Blogger Neil said...

Thinking about women printmakers influenced by a Japanese aesthetic, I wonder if you have ever come across the work of Elizabeth Keith. She was a Scottish artist, who went to Japan during WWI and became enraptured with Japanese art. She was visiting, or possibly just living with, her sister Elspet Keith Robertson Scott, and brother-in-law J. W. Robertson Scott. J. W. Robertson Scott was a pacificist, and although too old to be called up just hoofed off to Japan for the duration of the war. He founded and edited the first dual-language Japanese-English journal, The New East, and also walked all over Japan to research and write the book The Foundations of Japan, about Japanese agriculture. He also took hundreds of photographs of Japna, which seem to have disappeared. Anyway, they all became friends with Yanagi Muneyoshi (Yanagi Soetsu), the Japanese arts and crafts guru, who provided notes to Elizabeth and Elspet's book Old Korea, The Land of Morning Calm, 1946. Elizabeth Keith was entranced by Japan, and her work seems to me to be a kind of English equivalent of that of Bertha Lum. However, I've been able to find out very little about her. I know there is a collection of work by her in the School of Oriental and African Studies in London. She is supposed to have become quite a well-known artist in Japan, working in the Japanese woodblock print tradition in collaboration with Shozaburo Watanabe. When they returned to Britain after the war, the Robertson Scotts and Elizabeth Keith settled in the village where I live, Idbury in Oxfordshire. In the 1920s they were a natural port of call for Japanese visitors to England, including the poet and folklorist Yanagita Kunio.

13 July, 2008 15:01  
Blogger lotusgreen said...

wow neil -- i'm so glad you showed up. and what synchronicity: the post that follows this one, that i've been working on for the last few days, is about a number of the printmakers who went to japan to study. keith's not in this post but in an upcoming one.
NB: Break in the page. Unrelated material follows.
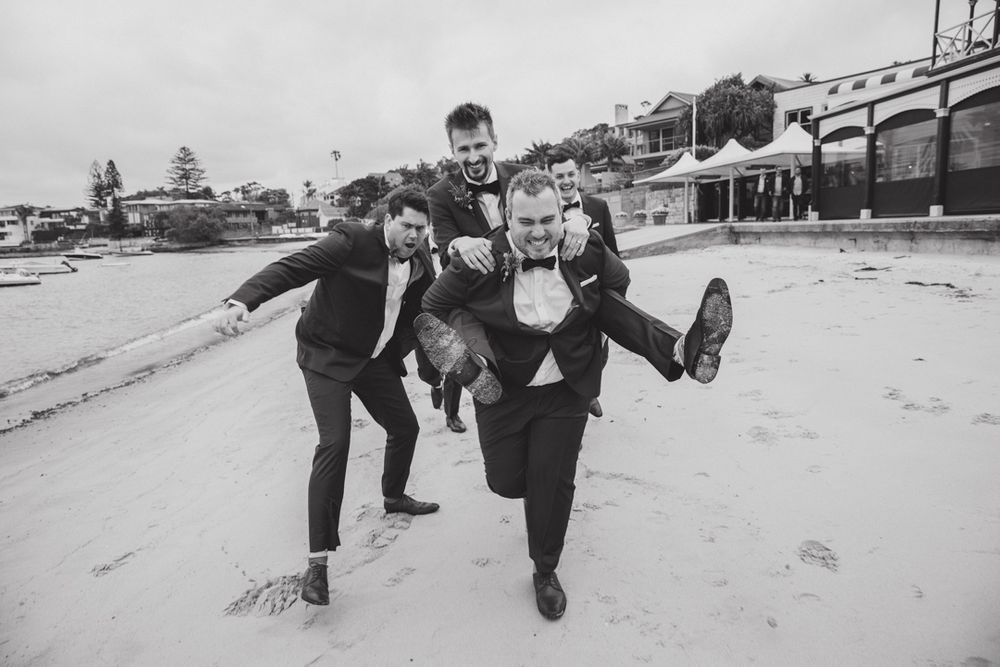 Wedding party performs synchronized jumping poses on sandy beach in black and white.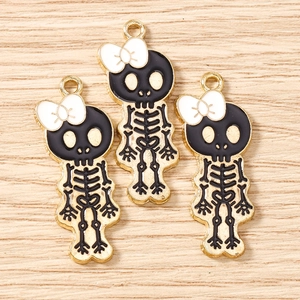 Macro detail of cartoon skeleton charms with white bows and black enamel for DIY jewelry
such interesting info -- thank you. i'll see if i can trace down a bit more, but you're right. so far i've been able to track down many fewer of her pieces that some of the others.

what i have learned is that a number of the westerners who hooked up with watanabe did very well commercially, as did a good number of the japanese artists themselves.

13 July, 2008 16:35  
Blogger Neil said...

Synchronicity is my speciality!
I'm very interested by what you say in the following post, and look forward to the upcoming ones.
I think there was around this time a good deal of well-meant but not very successful copying in both directions between Japan and the west in both art and literature. All very interesting, though.
Especially in this case where my interest in Elizabeth Keith is essentially to do with local history (my house is built in what was the vegetable garden of the house where she lived with the Robertson Scotts) rather than art.
Not that I'm not interested in her as an artist, and the cultural context of her work. Do you think that Yanagi would have been her link to Watanabe? Is there a connection between the two?
You might be interested to know that when the potter Bernard Leach visited the Robertson Scotts in Idbury on May 13th, 1926, he wrote a line of Japanese in their visitors' book, which translates as ‘When we talk together, I remember Abiko’. This is a reference to the home of Yanagi, outside Tokyo; Scott and Leach must have visited his house, which is now the Tokyo Arts and Crafts Museum, together. Scott describes a visit there in The Foundations of Japan.

15 July, 2008 14:59  
Blogger lotusgreen said...

i can think of few better reasons! the vegetable garden. i love it.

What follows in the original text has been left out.